There is a helper function designed for this, which gives visual feedback.

```{r debris_default}
is_debris <- filter_debris_cytof(df_mdipa, cols)
```

There is a scalar parameter with values between 0 and 1 
that can be tuned to flag fewer or more events as debris. The default
value of 0.3 works well for MDIPA, but a different one may be appropriate for
your panel.

```{r debris_custom}
is_debris <- filter_debris_cytof(df_mdipa, cols, threshold = 0.35)
```

Including the information about debris in the input can help Cleanet make
better predictions. The impact is greater for samples that contain large
proportions of debris.

```{r cleanet_filtered}
cleanet_res <- cleanet(df_mdipa, cols, cofactor=5, is_debris=is_debris)
print(cleanet_res$sensitivity)

ggplot(df_mdipa, aes(x=asinh(DNA1/5), y=asinh(CD45/5), color=cleanet_res$status)) +
  geom_point(size=0.2) +
  scale_color_discrete(name="Status") +
  theme_bw()
```

The CD294 distribution in the sample shows two groups of CD294 positive cells: basophils to
the left, eosinophils to the right.
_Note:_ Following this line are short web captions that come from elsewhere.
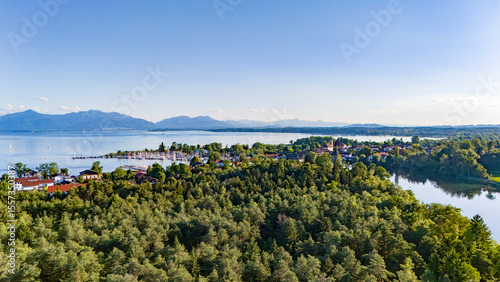 Wundervolle Sommerlandschaft am Chiemsee aus der Drohnenperspektive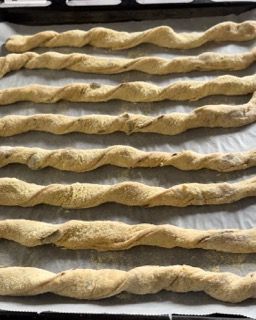 Un mazzo di grissini intrecciati su una padella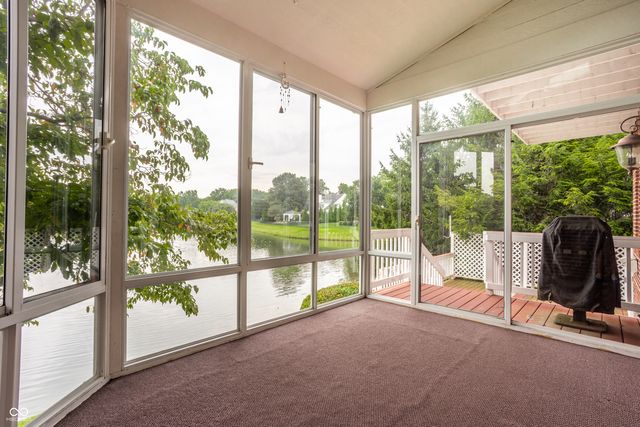 8039 Heyward Drive, Indianapolis, IN 46250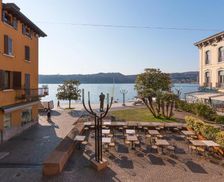 Italy Lombardy Salò vacation rental compare prices direct by owner 10125760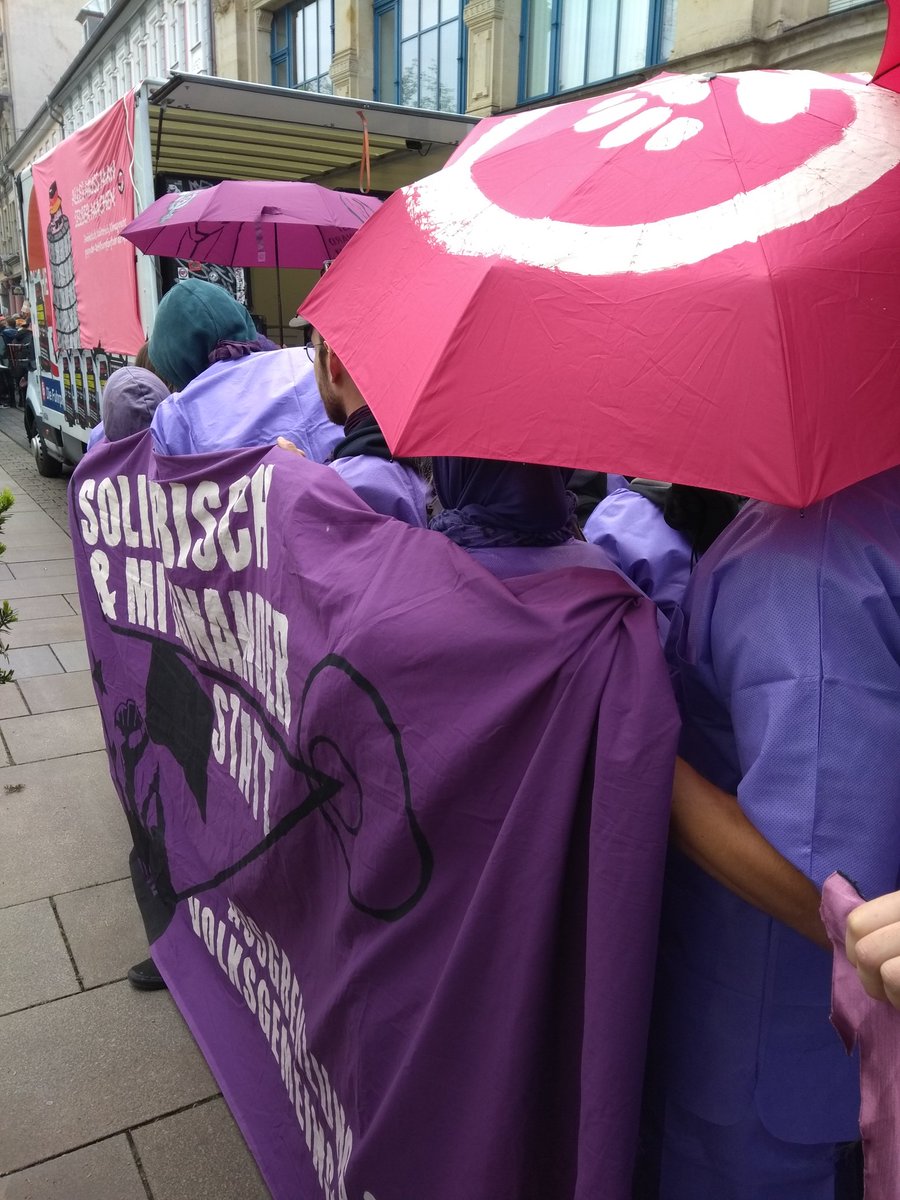 Pekari_Jena's tweet photo. So sieht eine queerfeministische Bewegung aus! In #Erfurt sind über 1000 Menschen im lila Block der #diy0105 Demo gegen die #FCKAfD. Grüße an den #climatejustice Block und den #solidartity Block! Yeah! #ef0105 https://t.co/QFMjqUKg0Q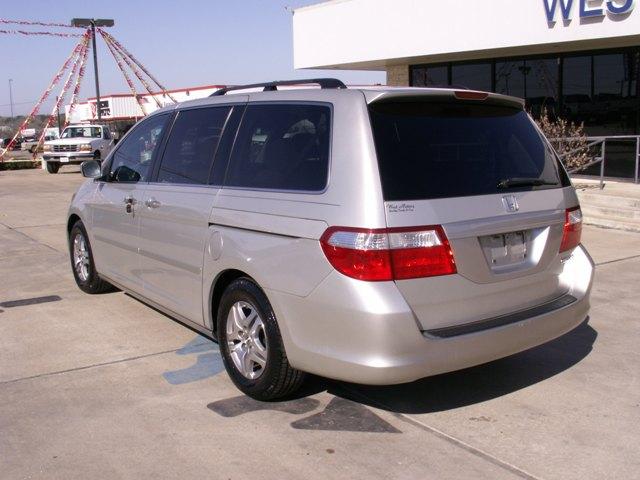 Honda Odyssey 2005 photo 2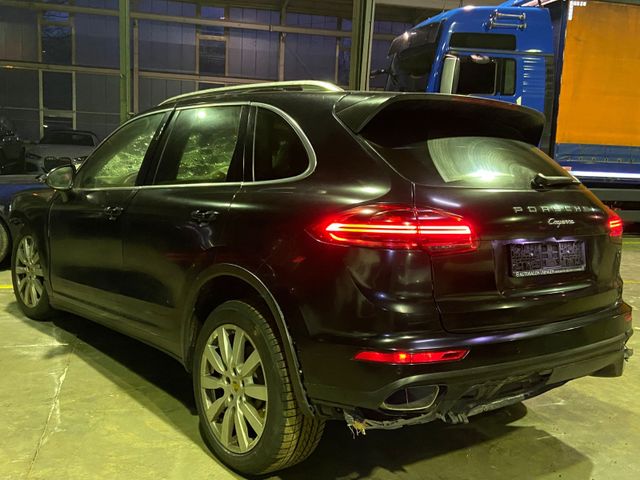 Porsche Cayenne 3,0 Diesel*Pano*18 Wege*AHK*Keyless*Xeno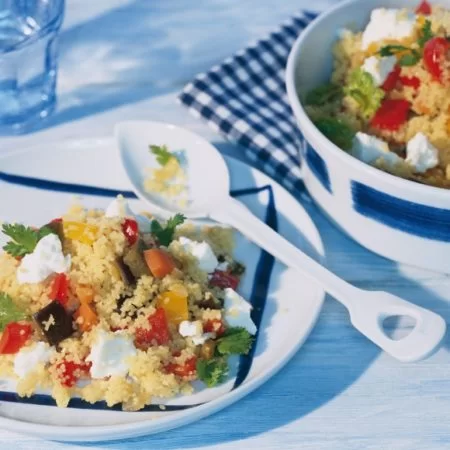 Bunter Gemüse-Couscous-Salat mit Salakis Schafkäse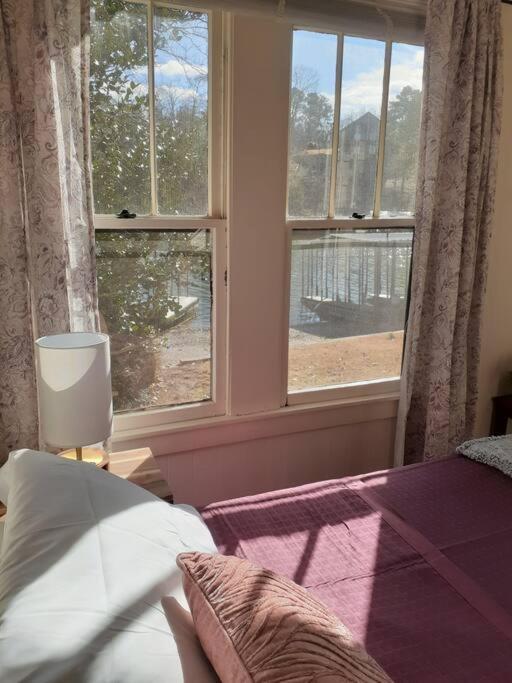 #05 - Lakefront Two Bedroom Cottage- Pet Friendly ホット・スプリングス エクステリア 写真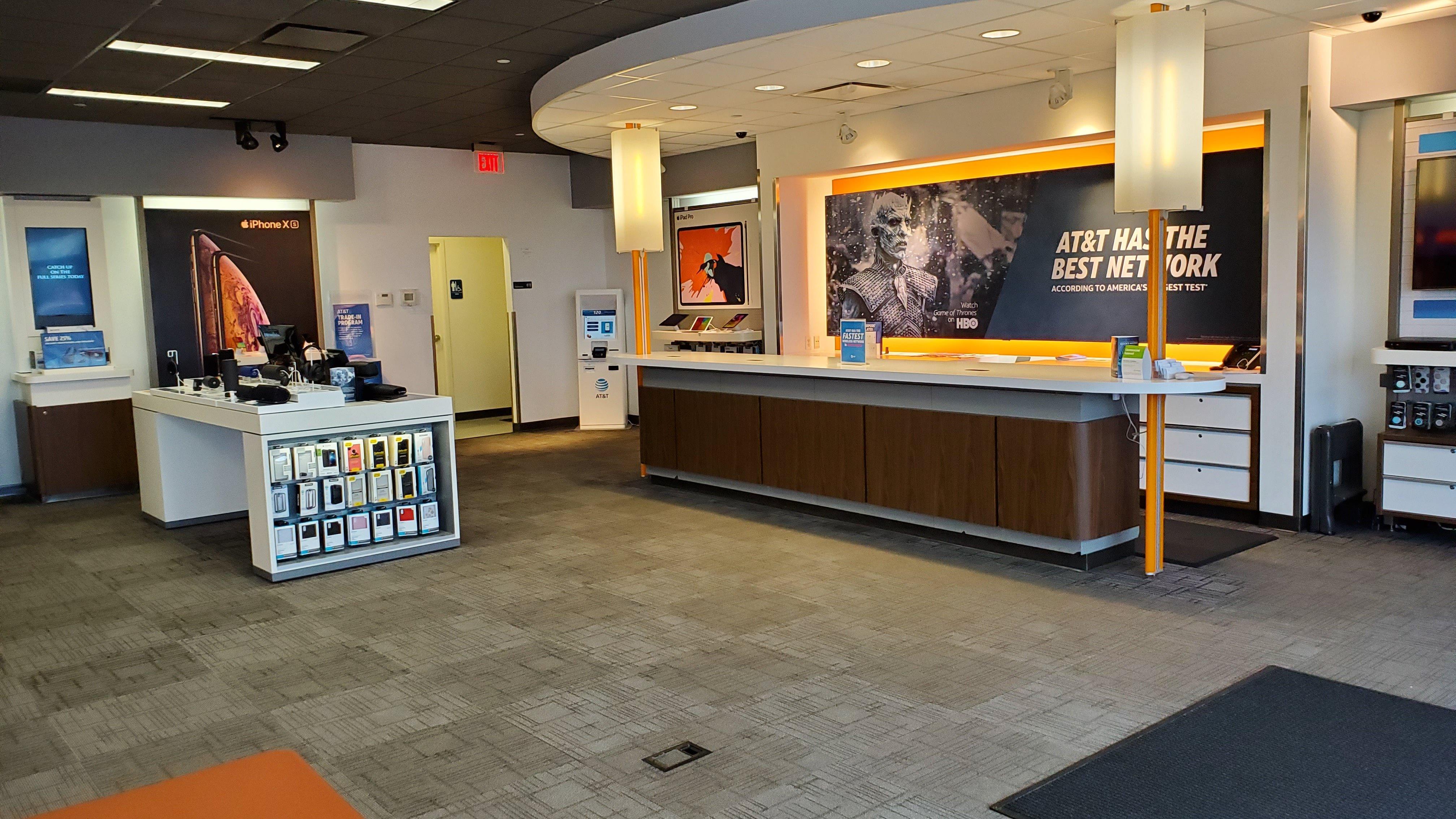 AT&T Store Photo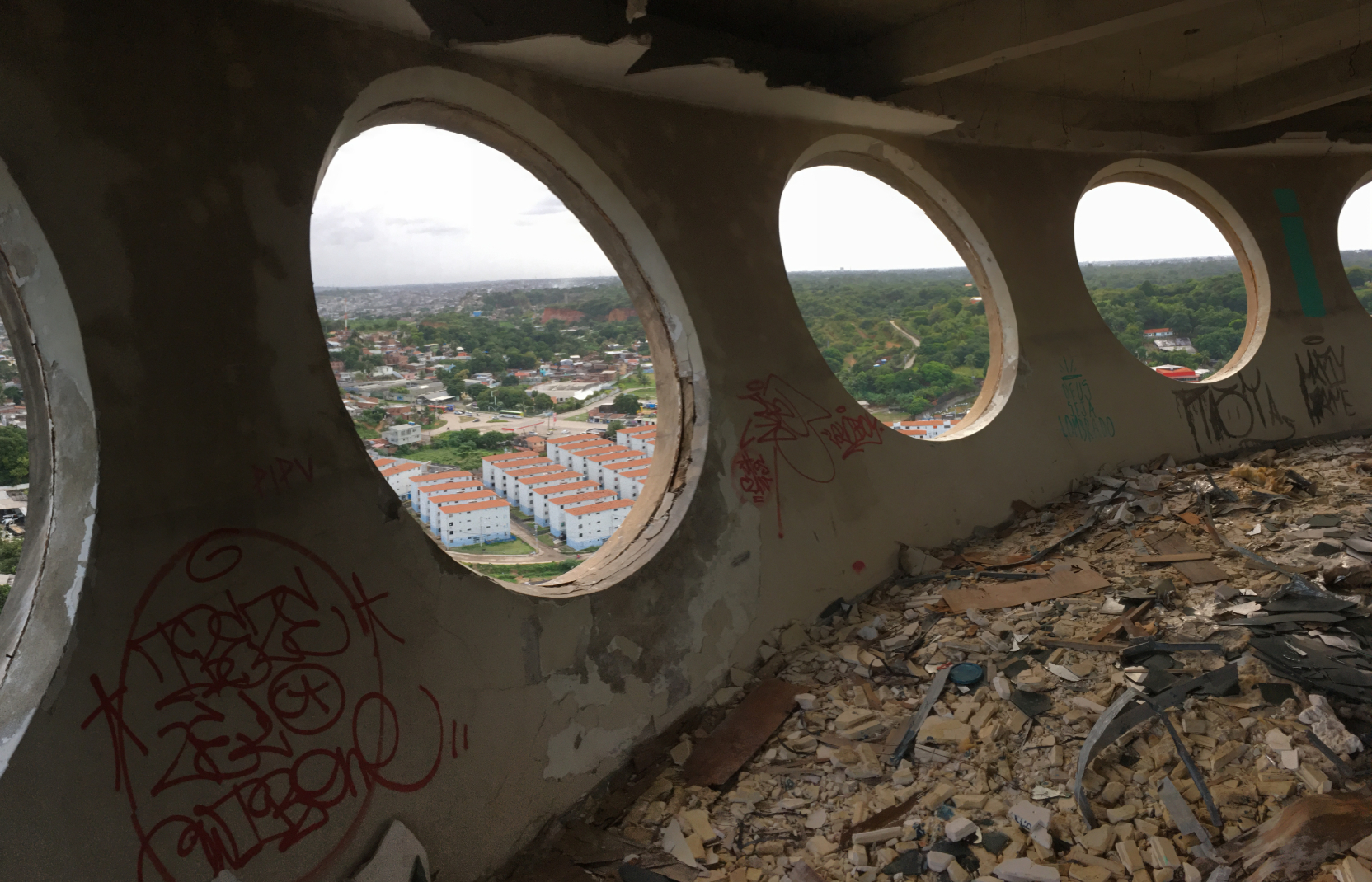 No primeiro pavimento da cúpula, forro de gesso foi destruído e entulhos se acumulam. Local abrigava a direção regional da TV.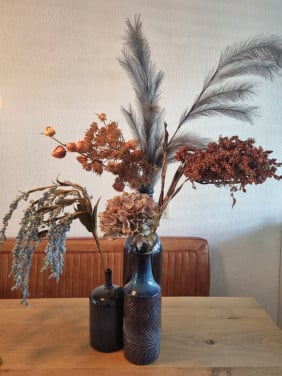 3 vazen met kusntbloemen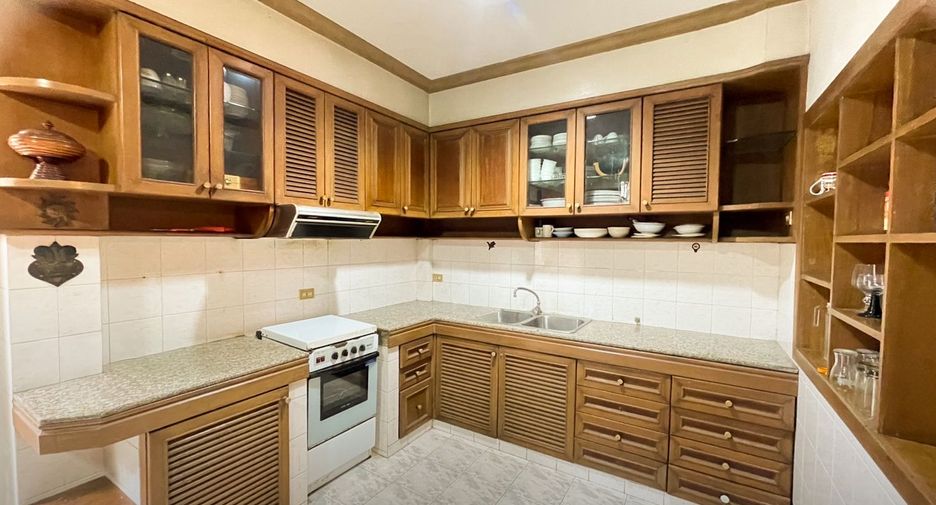 For rent and for sale 4 bedrooms townhouse in Thon Buri, Bangkok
In particular, eosinophils have DNA1 values
that are similar to those of doublets, making them challenging to distinguish
from doublets in bivariate gating. As a multivariate method, Cleanet has no
trouble classifying them as singlets.

```{r CD294}
ggplot(df_mdipa, aes(x=asinh(DNA1/5), y=asinh(CD45/5), color=asinh(CD294/5))) +
  geom_point(size=0.2) +
  scale_color_gradient(low="black", high="red") +
  theme_bw()
```

Now assume that you have isolated the singlets and classified them, using
your favorite manual or automated method. For our example data, this
information is stored in the `label` column. Here is the breakdown among
cell types.

```{r label}
print(table(df_mdipa$label))
```

Cleanet can use this information to extend the classification of singlets
into a classification of doublets (and higher multiplets). The label information
for singlets only must be extracted and passed to the `classify_doublets` 
function. We will tabulate the output by doublet type.

```{r classify_doublets}
singlet_clas <- df_mdipa$label[which(cleanet_res$status!="Doublet")]
doublet_clas <- classify_doublets(cleanet_res, singlet_clas)
sort(table(doublet_clas))
```

Neutrophils account for ~50% of singlets in whole blood. Unsurprisingly, then, 
they are also involved in most of the multiplets. To generalize this intuition,
we can compute expected proportions of doublet types, by multiplying the
frequencies of the components. The function `compare_doublets_exp_obs`
does this and returns the proportions of expected and observed doublets as a
data frame.

```{r compare}
df_exp_obs <- compare_doublets_exp_obs(doublet_clas, singlet_clas, cleanet_res)
arrange(df_exp_obs, -Expected)
```

A quick plot can help us compare expected and observed proportions.

```{r compare_plot}
ggplot(df_exp_obs, aes(x=Expected, y=Observed)) +
  geom_point() +
  geom_abline(slope=1, yintercept=0, linetype="dotted") +
  theme_bw()
```

In this case, expected and observed proportions match very well. Large
deviations from the diagonal could be caused by technical factors, or by
biological ones such as interactions between specific cell types.